*** Provided data ***

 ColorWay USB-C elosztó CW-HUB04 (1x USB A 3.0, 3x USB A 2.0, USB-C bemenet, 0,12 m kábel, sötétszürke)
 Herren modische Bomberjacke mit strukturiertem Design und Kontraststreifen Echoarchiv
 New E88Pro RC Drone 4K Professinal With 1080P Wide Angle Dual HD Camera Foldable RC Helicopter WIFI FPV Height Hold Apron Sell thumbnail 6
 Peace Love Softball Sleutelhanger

*** End of Provided data ***
*** Provided data ***

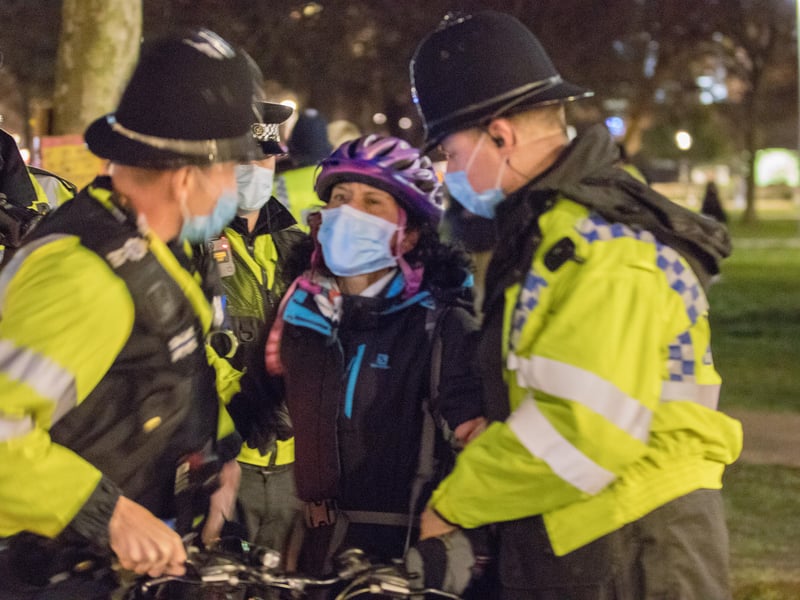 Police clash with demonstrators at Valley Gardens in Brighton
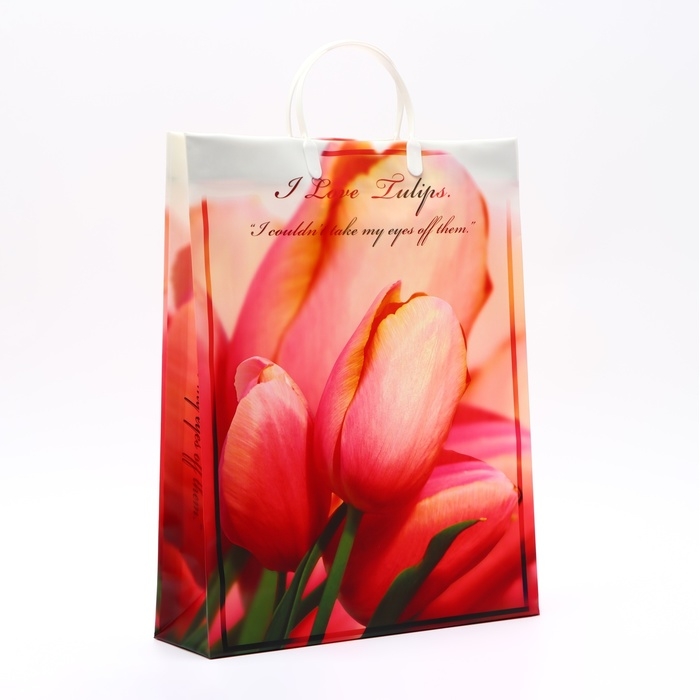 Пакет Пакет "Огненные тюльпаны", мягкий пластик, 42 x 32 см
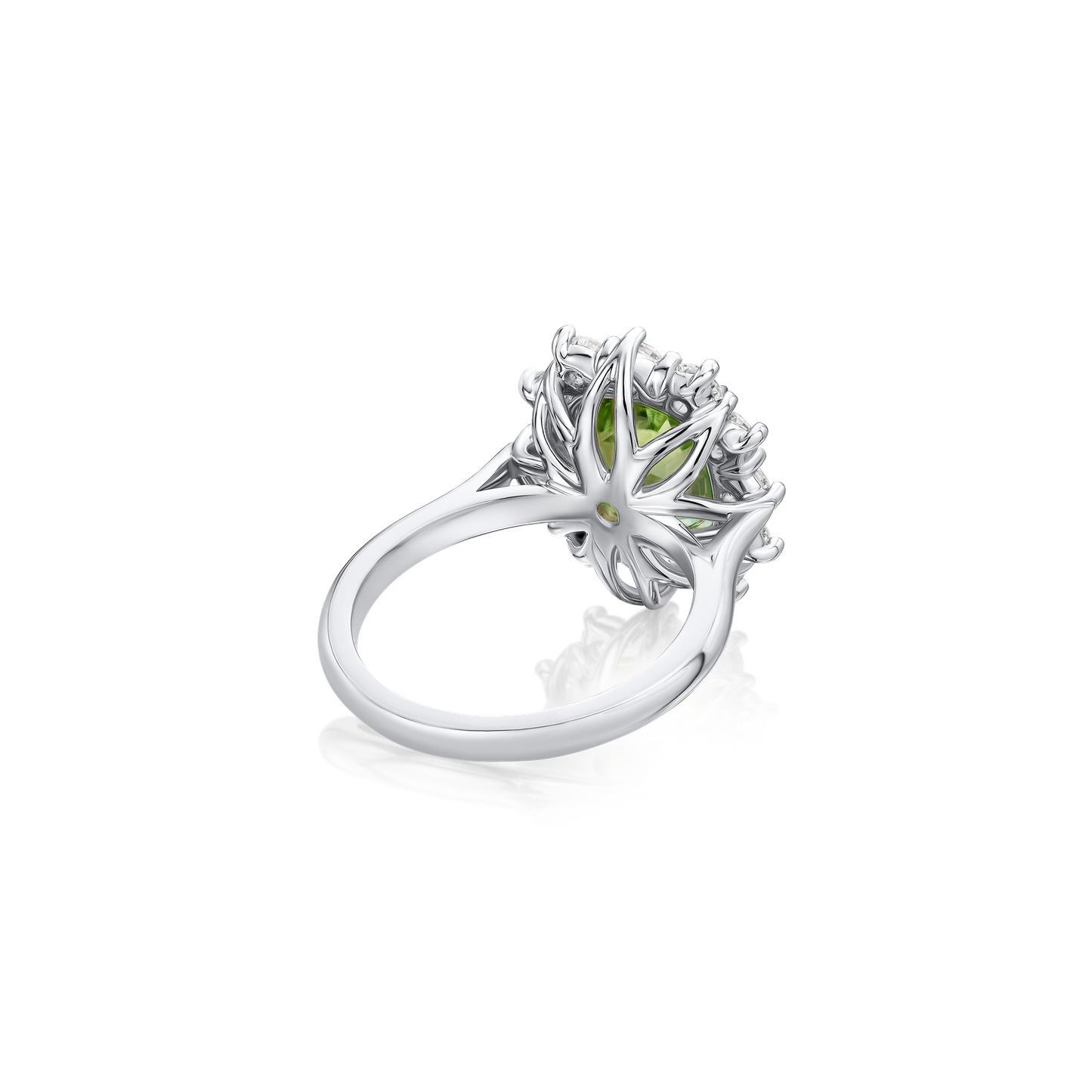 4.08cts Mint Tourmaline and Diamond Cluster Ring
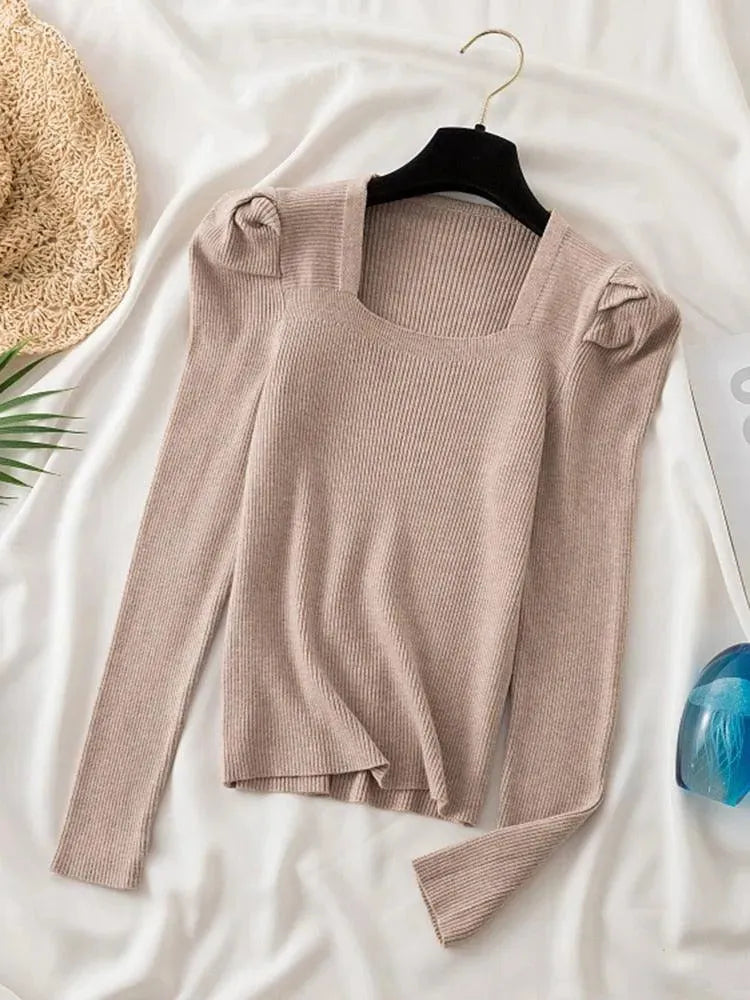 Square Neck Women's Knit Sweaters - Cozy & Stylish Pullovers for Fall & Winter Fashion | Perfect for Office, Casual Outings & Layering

*** End of Provided data ***

From the records above, transcribe exactly the run of lines that opens with the line holding "New E88Pro RC" and closes with the line holding "Peace Love Softball Sleutelhanger", both included.

- **Answer**:
 New E88Pro RC Drone 4K Professinal With 1080P Wide Angle Dual HD Camera Foldable RC Helicopter WIFI FPV Height Hold Apron Sell thumbnail 6
 Peace Love Softball Sleutelhanger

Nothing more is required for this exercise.